▸ **WHAT YOU HAVE TO DO**
Drop the pictures and repeat the remaining data exactly.

▸ **RECORDED DATA**
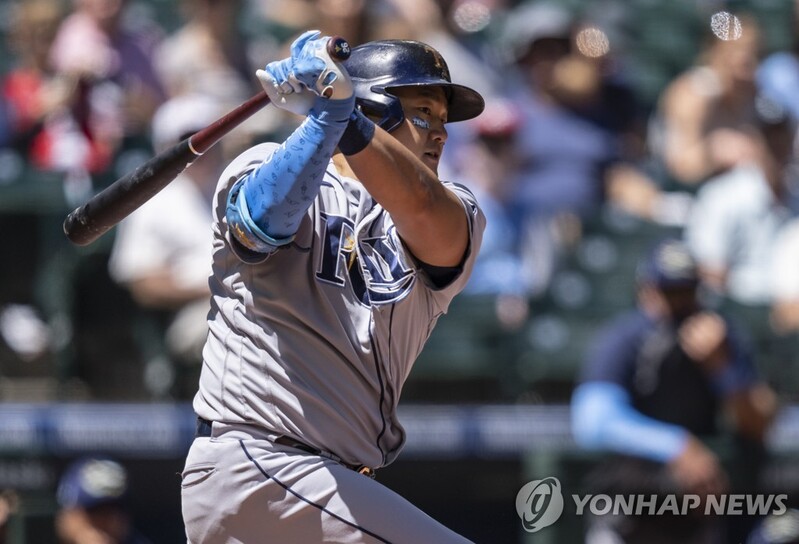 최지만, MLB 데뷔 첫 4안타 폭발…2타점 2득점도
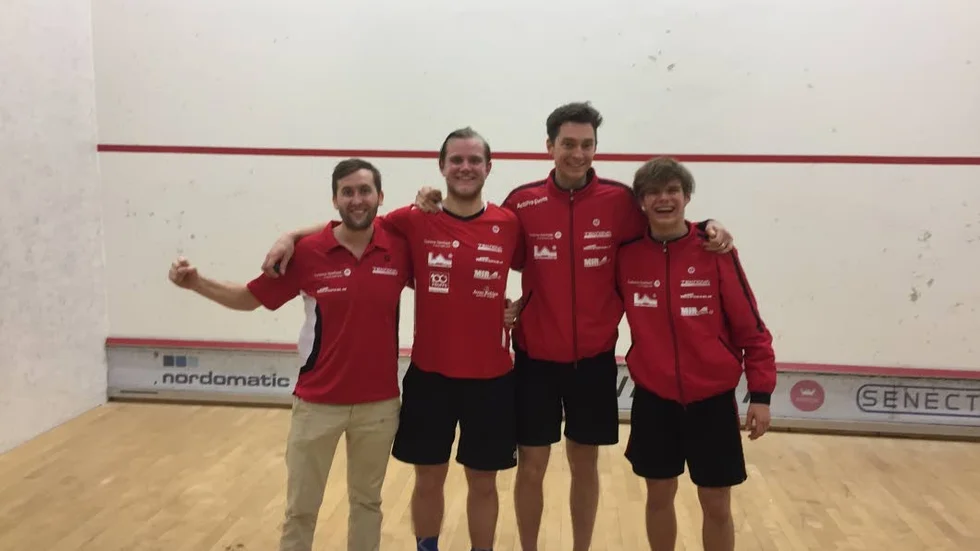 Teknova-spelarna Martin Golbe, Carl Remle, Cameron Pilley och Erik Jakobsson firar segern mot Roslagen.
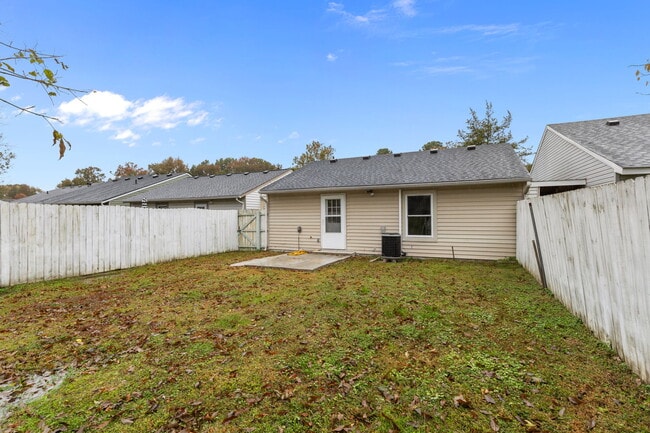 Building Photo - 1636 Mill Oak Dr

▸ **ANSWER SPACE**
 최지만, MLB 데뷔 첫 4안타 폭발…2타점 2득점도
 Teknova-spelarna Martin Golbe, Carl Remle, Cameron Pilley och Erik Jakobsson firar segern mot Roslagen.
 Building Photo - 1636 Mill Oak Dr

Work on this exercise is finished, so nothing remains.